A few things stand out. ClickHouse wins on simple scans and aggregations because its vectorized engine and tight storage coupling minimize overhead. Druid wins on time-series rollups and Top-N queries because those are literally the query shapes it was designed for; its segment index and bitmap structures are optimized for this pattern. StarRocks wins on joins and complex analytical queries because its cost-based optimizer can choose between hash join, broadcast join, and shuffle join strategies.
The Same Query in Three Dialects
Let me show you a common analytics query -- daily active users by platform for the last 7 days -- in each system.
-- ClickHouse
SELECT
toDate(event_time) AS day,
platform,
uniqExact(user_id) AS dau
FROM events
WHERE event_time >= now() - INTERVAL 7 DAY
AND event_type = 'session_start'
GROUP BY day, platform
ORDER BY day, platform;
-- Apache Druid (native SQL via Druid SQL layer)
SELECT
TIME_FLOOR(__time, 'P1D') AS day,
platform,
COUNT(DISTINCT user_id) AS dau
FROM events
WHERE __time >= CURRENT_TIMESTAMP - INTERVAL '7' DAY
AND event_type = 'session_start'
GROUP BY 1, 2
ORDER BY 1, 2;
-- StarRocks
SELECT
DATE(event_time) AS day,
platform,
COUNT(DISTINCT user_id) AS dau
FROM events
WHERE event_time >= NOW() - INTERVAL 7 DAY
AND event_type = 'session_start'
GROUP BY day, platform
ORDER BY day, platform;
The StarRocks version is standard MySQL syntax. The ClickHouse version uses its own function set (toDate, uniqExact). Druid's SQL layer works for simple queries like this but breaks down for anything involving subqueries, CTEs, or complex joins -- you end up dropping into Druid's native JSON query API which has a steep learning curve.

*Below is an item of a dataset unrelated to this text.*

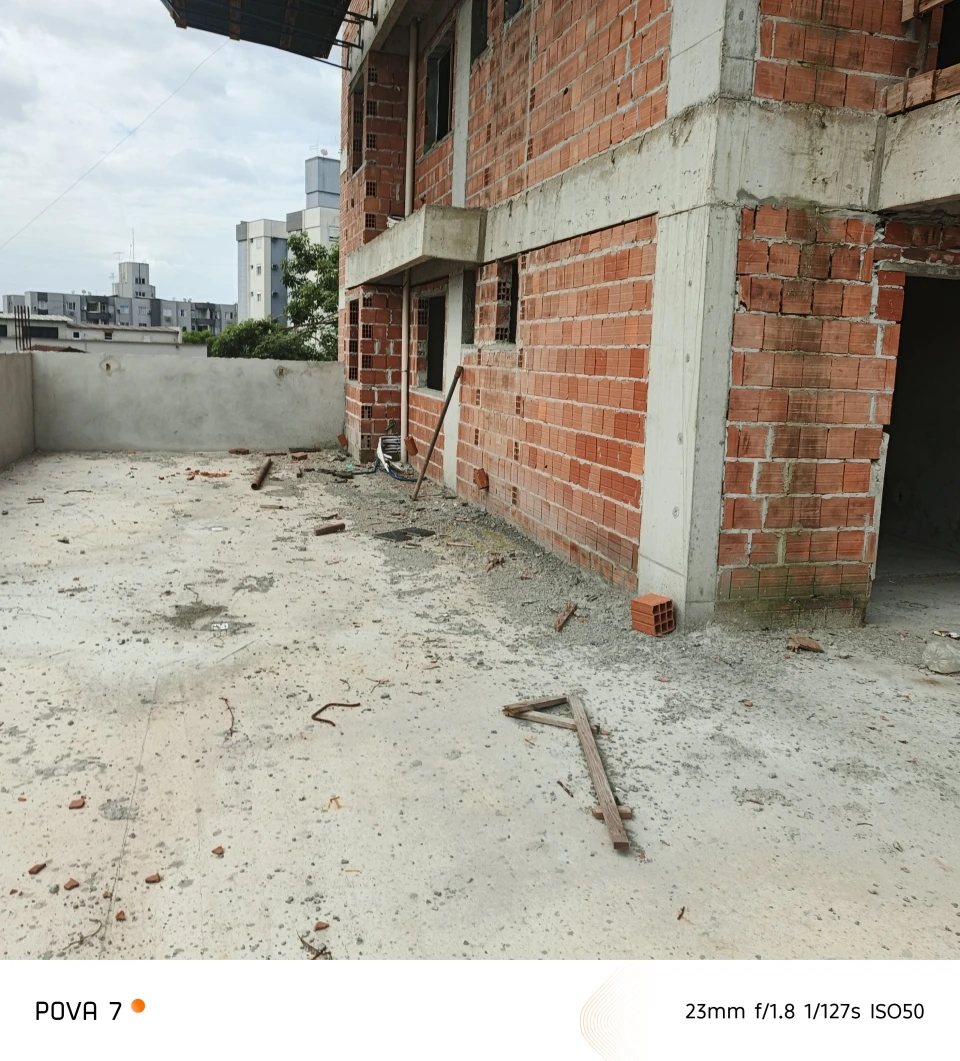 Imagens do imóveis Apartamento 2 ou 3 Quartos à Venda no Edifício Impala Saguaçu Joinville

Materialized Views and Pre-Aggregation
All three systems support some form of pre-computation, but the implementations differ significantly.
ClickHouse Materialized Views
ClickHouse materialized views are triggers that execute on insert. They are incredibly powerful: you can transform, aggregate, and route data as it arrives. The AggregatingMergeTree engine lets you maintain incrementally updated aggregates.
-- ClickHouse: Incremental daily stats materialized view
CREATE MATERIALIZED VIEW daily_stats_mv
ENGINE = AggregatingMergeTree()
ORDER BY (day, platform)
AS SELECT
toDate(event_time) AS day,
platform,
uniqState(user_id) AS users_state,
countState() AS events_state
FROM events
GROUP BY day, platform;
-- Query the materialized view
SELECT
day,
platform,
uniqMerge(users_state) AS unique_users,
countMerge(events_state) AS total_events
FROM daily_stats_mv
GROUP BY day, platform;
The -State / -Merge combinator pattern is unique to ClickHouse and extremely efficient. It takes time to learn but once you internalize it, you can build real-time dashboards that query pre-aggregated data in single-digit milliseconds.
Druid Rollup
Druid's equivalent is rollup at ingestion time. You define the query granularity and metrics in your ingestion spec, and Druid pre-aggregates during segment creation. This is more rigid than ClickHouse's approach -- you must decide your aggregation dimensions upfront -- but it is simpler to operate because there is no separate materialized view to manage.
StarRocks Materialized Views
StarRocks supports both synchronous materialized views (similar to ClickHouse, updated on insert) and asynchronous materialized views (refreshed on a schedule or triggered). The async MVs can reference multiple tables with joins, which neither ClickHouse nor Druid can do natively.
-- StarRocks: Async MV with join (refreshed every 5 minutes)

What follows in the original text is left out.